Ardent v. City of New London, No. 546684 (Jul. 22, 1999)

[EDITOR'S NOTE: This case is unpublished as indicated by the issuing court.]

MEMORANDUM OF DECISION RE: DEFENDANT'S MOTION FOR SUMMARY JUDGMENT
The plaintiff, Cecelia Arendt, brings this action for injuries and losses sustained when she tripped over a ridge in the street while attempting to walk across Methodist Street in New London, CT. The plaintiff alleges that the defendant, City of New London, was under a duty to keep and maintain said street in good repair.

On April 27, 1999, the defendant filed a motion for summary judgment and a memorandum of law in support.

On May 14, 1999, the plaintiff filed an objection to the motion and a supporting memorandum of law.

"Summary judgment shall be rendered forthwith if the pleadings, affidavits and other proof submitted show that there is no genuine issue as to any material fact and that the moving party is entitled to judgment as a matter of law." (Internal quotation marks omitted.) Doucette v. Pomes, 247 Conn. 442, 452,724 A.2d 481 (1999).

The defendant argues that the exclusive remedy of the plaintiff in this action is General Statutes § 13a-149, which requires that a claimant give written notice to either the selectman, City Clerk, or other officer of the municipal corporation, prior to maintaining a cause of action. The defendant further argues that the plaintiff has failed to comply with the this notice requirement because the only notice given by the plaintiff was an accident report filed with the City Manager.

In opposition, the plaintiff argues that the filing of a written notice with the City Manager of New London is the same as CT Page 10205 filing such notice with the first selectman and, therefore, there is statutory compliance.

General Statutes § 13a-149 provides that "any person injured in person or property by means of a defective road or bridge may recover damages from the party bound to keep it in repair . . . No action for any such injury shall be maintained against any town, city, corporation or borough, unless written notice of such injury and a general description of the same and of the cause thereof and of the time and place of the occurrence, shall within ninety days thereafter be given to a selectman orclerk of such town or to the clerk of such city or borough, or tothe secretary or treasurer of such corporation." (Emphasis added.) General Statutes § 13a-149.

"Whether notice is sufficient [to satisfy the statutory requirements] is normally a question of fact for the jury,"Bassin v. Stamford, 26 Conn. App. 534, 539, 602 A.2d 1044 (1 992). "Before submitting the question to the jury, however, the trial court must first determine whether, as a matter of law, a purported notice patently meets or fails to meet . . . the statutory requirements." (Citation omitted; internal quotation marks omitted.) Ozmun v.
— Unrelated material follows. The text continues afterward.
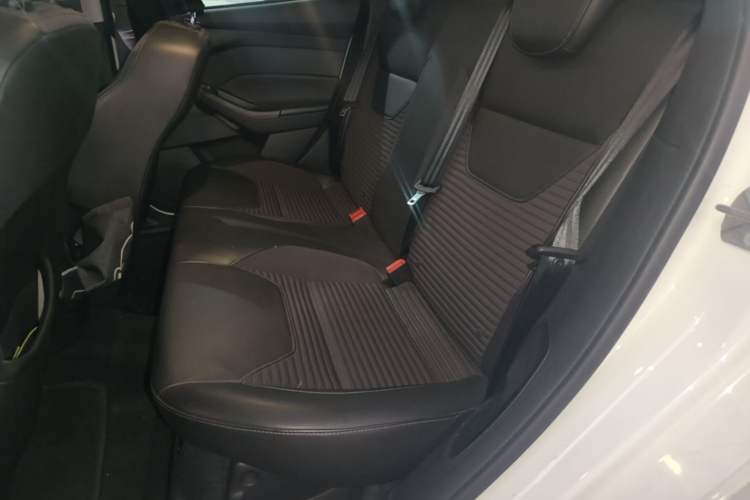 Used Ford Focus 2017 Hatchback 1.6L Automatic Fashion Edition Smart Drive Version Left Rear Seat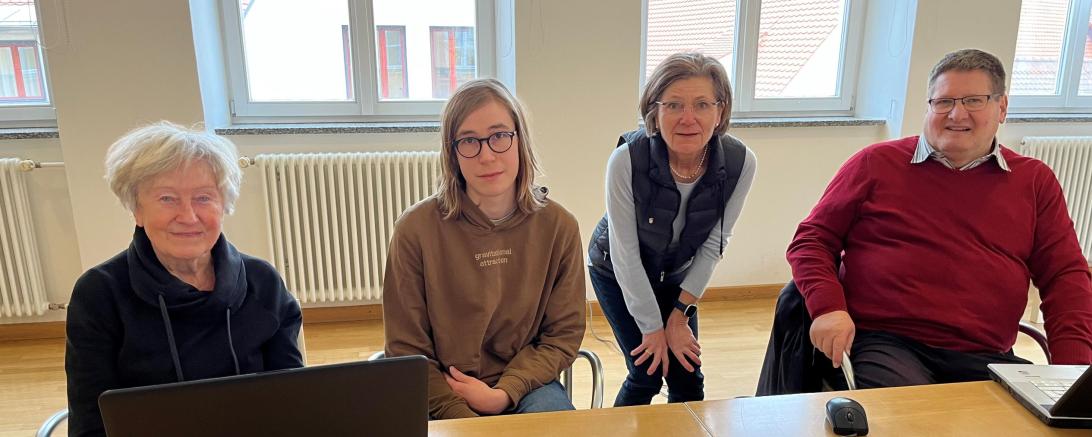 (v.l.) Luise Hirmer, Maximilian Schwefel, Angelika Schebesta und Johann Kechele - die Digitallotsen helfen bei der Sprechstunde in der Stadtbibliothek gerne.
Burns, 18 Conn. App. 677, 681,559 A.2d 1143 (1989).

The giving of notice, sufficient to satisfy the requirements of the statute, is a condition precedent to the maintenance of an action under it. Marino v. East Haven, 120 Conn. 577, 578-79,182 A. 225 (1935). "The obligation to comply with the statute in this respect rests upon the plaintiff, and lacking such sufficient notice he has no cause of action which he can maintain against the defendant town." Id., 579. The purpose of requiring a notice is to furnish the government entity involved such information as will enable [it] to intelligently investigate the facts upon which the claim is based." Id.

Here, the plaintiff filed an accident report with the City Manager of New London, wherein the plaintiff gave a general description of the injury sustained, the defective condition complained of, and the time and place of the injury.
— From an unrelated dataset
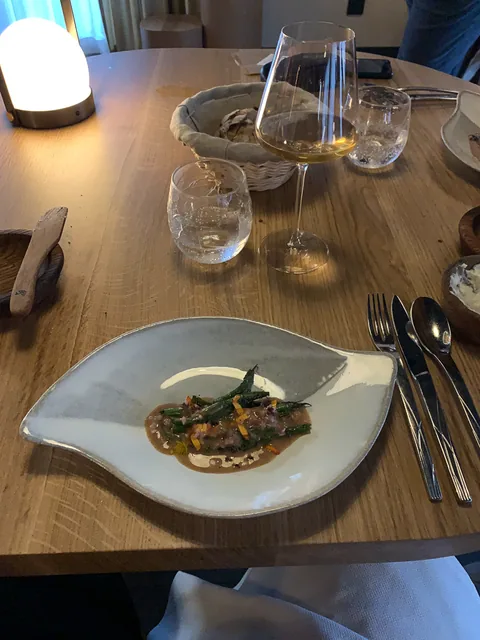 Middag på den fantastiske 1 stjernede Michelinrestaurant l'Alchemille i Kaysersberg, Alsace, hvor køkkenchefen Jerome Jaegle tryller i køkkenet.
The defendant does not argue, nor does the court find, that the notice was inadequate because of its content. Hence, the sole issue presented is whether notice to the City Manager satisfies the notice requirement of General Statutes § 13a-149. CT Page 10206

Exceptions to the manner in which the notice of injury is to be given has been made where the notice, although addressed to the wrong official, reaches the right hands within the requisite period of time. See Costello v. City of Norwalk, Superior Court, judicial district of Fairfield at Bridgeport, Docket No. 268834 (April 25, 1991, Katz, J.) ("an improper address should not prove fatal so long as the notice reaches the right hands within the requisite period of time"). See also Bliss v. City of Norwalk, Superior Court, judicial district of Stamford/Norwalk at Stamford, Docket No. 135308 (February 9, 1995, D'Andrea, J.) (a notice improperly addressed to the Town Clerk, instead of the City Clerk, satisfies the requirements of 13a-149 because it "reached the right hands . . . within the requisite period of time"); Sbriglio v. Town of Wethersfield, Superior Court, judicial district of Hartford/New Britain at Hartford, Docket No. 439399 (October 18, 1996, Hennessey, J.) (18 Conn. L. Rptr. 72) (notice improperly addressed to Town Manager but which reached Town clerk satisfied requirements of notice under 13a-149).
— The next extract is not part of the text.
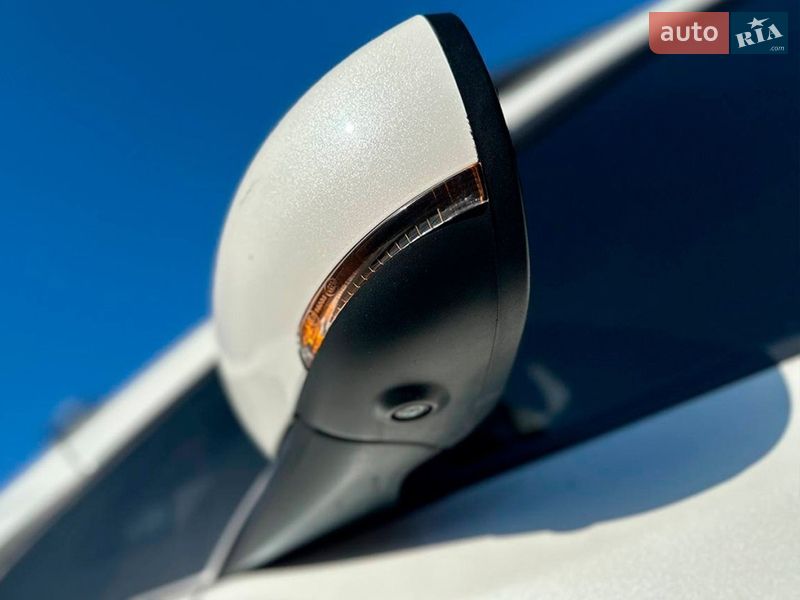 Хэтчбек Nissan Leaf 2018 в Днепре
Here, the City Clerk for the City of New London, Clark Van Der Lyke, by way of affidavit, swears that he is the official responsible for maintaining the statutory notices filed with the City of New London, and that a search of his files reveals no statutory notice filed by or on behalf of the plaintiff. Hence, unlike the aforecited cases, the statutory notice never reached the requisite official within the requisite period of time.

Moreover, the savings clause contained within General Statutes § 13a-149 does not cure the defective notice.

The savings clause provides that "[n]o notice given under the provisions of this section shall be held invalid or insufficient by reason of an inaccuracy in describing the injury or in stating the time, place or cause of its occurrence, if it appears there was no intention to mislead or that such town, city, corporation, or borough was not in fact misled thereby." General Statutes § 13a-149.

Based on the plain language of the statute, the savings clause is intended to apply to defects in the content of the notice rather than to the manner in which the notice is served.

Consequently, since notice was not received by the requisite city official within the requisite period of time, the notice is CT Page 10207 patently defective. The motion for summary judgment is hereby granted.

Mihalakos, J.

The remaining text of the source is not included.